Given material below:
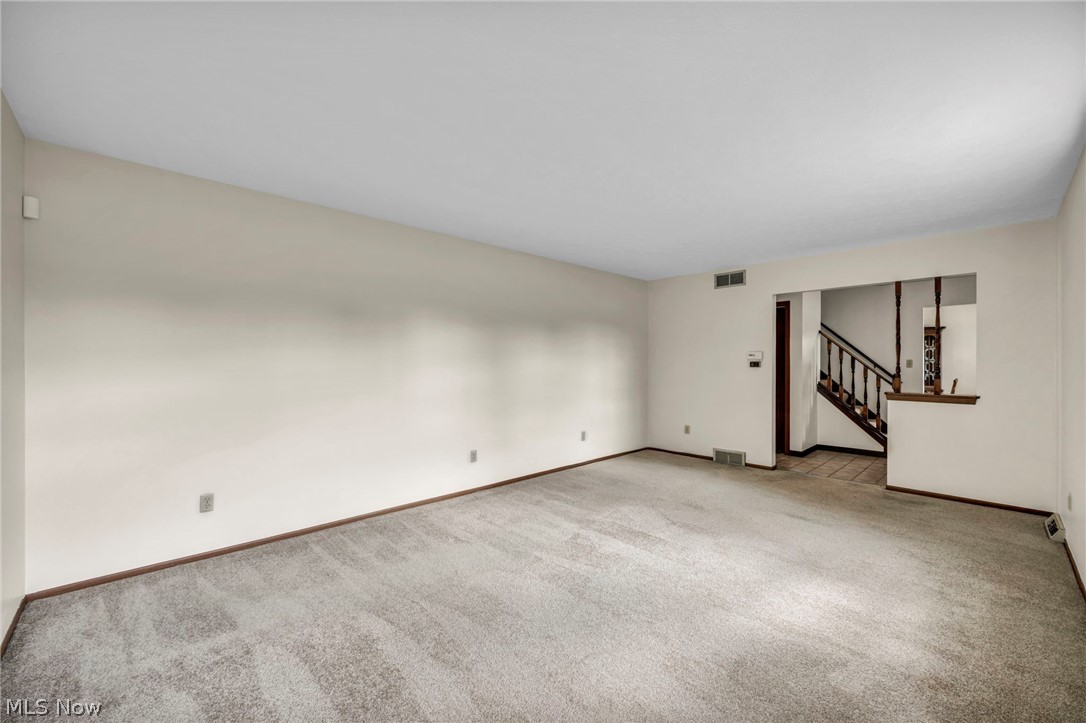 5068 Bright Baldwin Road Newton Falls, OH 44444 - Photo 20 of 47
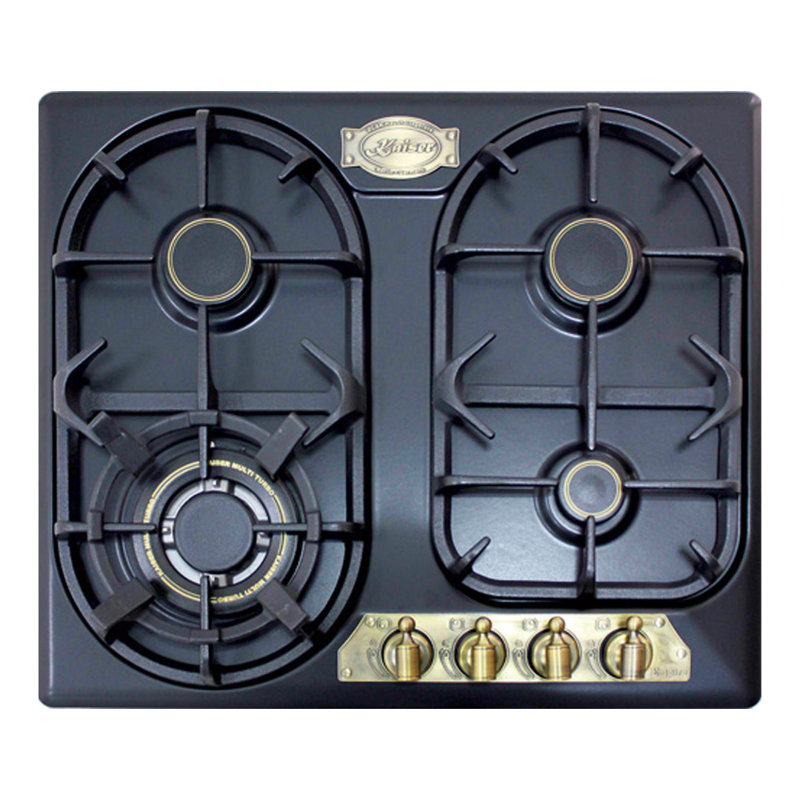 Empire 60cm Gas Hob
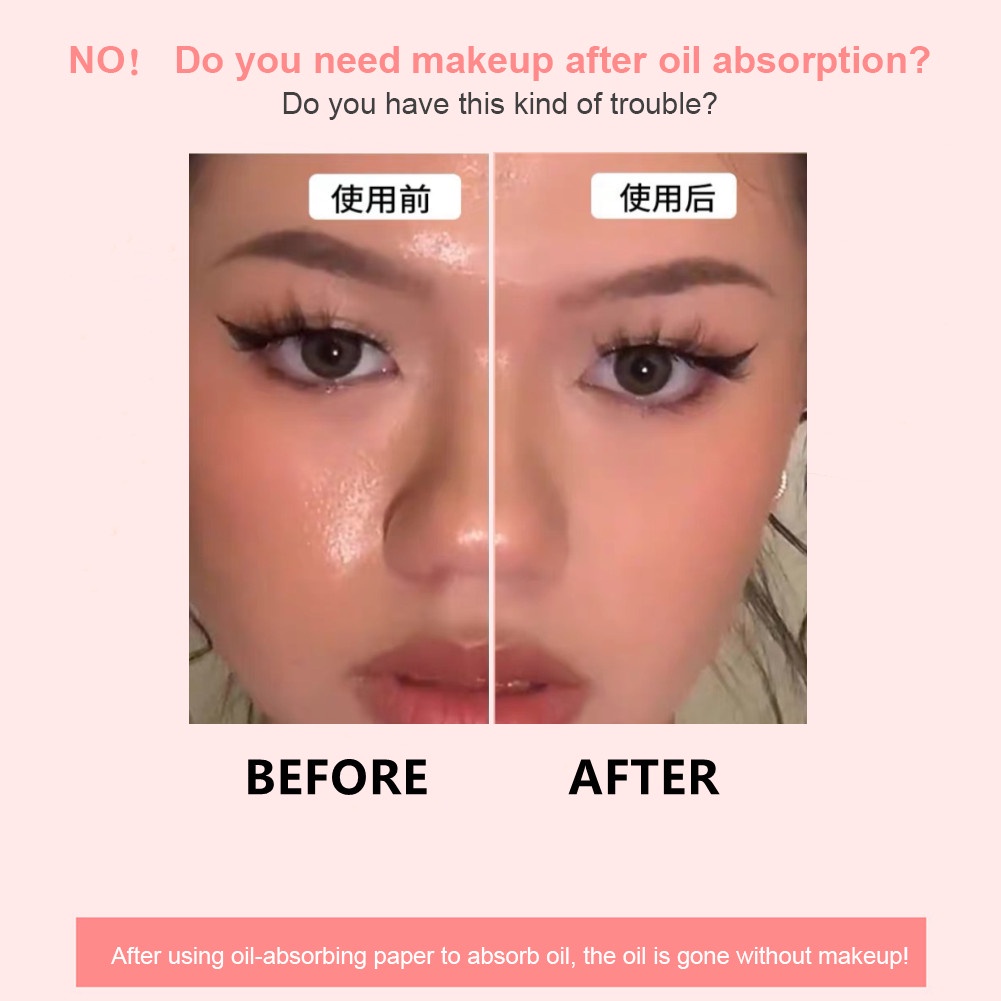 Con Lăn Đá Núi Lửa Tẩy Trang Làm Sạch Da Mặt Thấm Hút Mồ Hôi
End of Given material.
▶ _Instructions to follow_: Only the lines from the one containing "Empire 60cm Gas Hob" through the last line of the data belong in the copy, both included and reproduced exactly. Pictures do not.

▶ _Answer for the task_:
 Empire 60cm Gas Hob
 Con Lăn Đá Núi Lửa Tẩy Trang Làm Sạch Da Mặt Thấm Hút Mồ Hôi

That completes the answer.